Important points to consider when building a data strategy
Data gets top billing, but a data strategy is a people-centered effort. Even the most well-considered strategy will fail to deliver business value if your teams aren’t involved from the start. Here are some of the essentials for ensuring you end up with the right strategy—and that it is embraced:
- A successful data strategy is not a unilateral effort. It requires input and buy-in from leadership and stakeholders.
- Data strategy affects the entire organization. Which means everyone should be involved, whether by answering questions about data usage in the discovery stage, collaborating on priorities, or helping to lead change through implementation.
- Different departments speak different data languages. Spanning the systems, processes, and data cultures from team to team is critical for developing a strategy.
- Setting expectations smooths your path forward. Although Data Problem X is the most important thing in the world to one team, it has nothing to do with another. Showing your teams a defined strategy lets them know they’ve been heard and their problem will be addressed.
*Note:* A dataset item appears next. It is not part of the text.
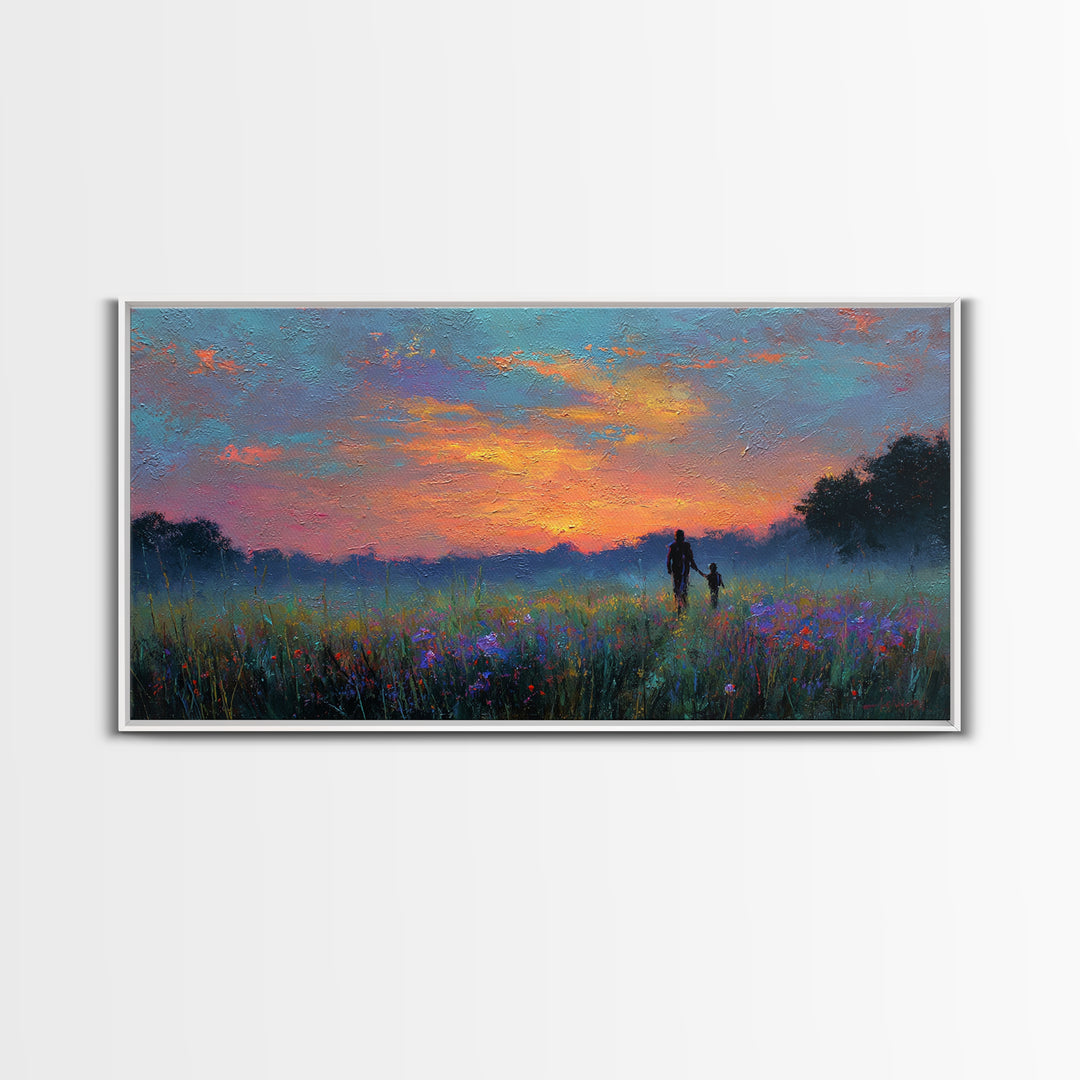 Sunset Meadow Silhouette Framed Canvas Print, Colorful Landscape Wall Art, Mother Child Decor, Living Room Art, Housewarming Gift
- An objective third party breaks through the politics of prioritizing. Building a data-driven culture takes work, and it inevitably requires delicate conversations around contentious issues. A neutral partner helps provide the objectivity to steer through obstacles.
Crafting a data strategy: Where to start, and where to go from there
The right time to build a data strategy varies, and there’s almost never a time that feels exactly right for any organization. (Which is why so many wait until they just can’t anymore.) Sometimes it’s because there’s a problem a company needs to solve and developing the data analytics to solve it necessitates a data strategy. Other times a large system implementation shines a light on the need for a compatible data strategy. And sometimes it’s just that organizations are overwhelmed by the volume of data coming at them and know they could do more with it—if only they knew where to start.
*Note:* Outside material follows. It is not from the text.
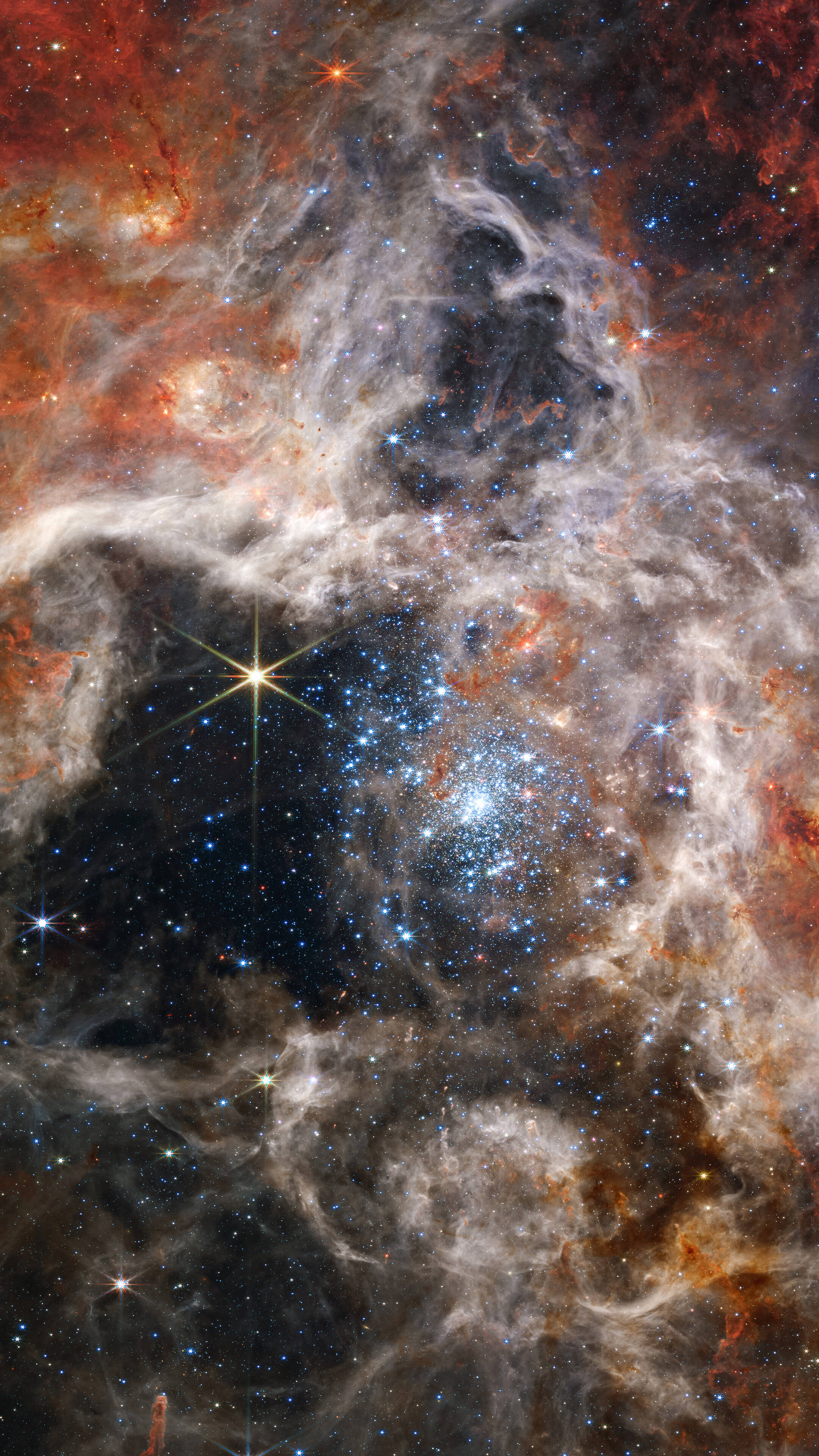 Uzayda Nebula Bulutları 4K Telefon Duvar Kağıdı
No matter the inspiration, a data strategy helps you lay the foundation for a sustainable, scalable, simple data program. And it always starts by figuring out where you stand right now through a strategic data assessment.
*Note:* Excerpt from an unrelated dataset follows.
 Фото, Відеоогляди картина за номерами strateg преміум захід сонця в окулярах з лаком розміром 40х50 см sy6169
As Resultant Manager of Data Science Amrutha Pulikottil puts it: “The interpretability and quality of a data deliverable highly depends on the data quality of the input sources. Assessing what you have, acknowledging its shortcomings, identifying alternative sources, or curating existing ones to fill the gaps can help you tell more meaningful stories from your data.”
What an expert partner does for you
Data is especially tricky. It moves fast, and so do the innovations that help organizations utilize it. It’s a complex field with a lot of highly technical subspecialties. All of which adds up to: Don’t try to go it alone, and be careful about the partner you choose to help. A good one will:
Trim costs and time.
An expert team with a well-established protocol for developing data strategies saves you time and money—and almost certainly leaves you with a strategy that better serves your objectives.
Provide insight and expertise.
The expertise and objectivity you gain from a data partner focused entirely on building your strategy creates efficiencies that would be challenging to achieve with an in-house team learning along the way and pulled in various directions at the same time.
Increase data security.
The costs associated with data breaches reached an all-time high in 2021, and as data proliferates, those costs are likely to keep rising. The loss of trust that goes hand-in-hand with a data breach is immeasurable. Expert data security is essential.
Offer a third-party view.
A team who has deep expertise and a neutral perspective gives you more objective, innovative support for your strategy than an in-house team can deliver. Which not only shortens your time to value but gives your team more time to focus on day-to-day and business strategy activities.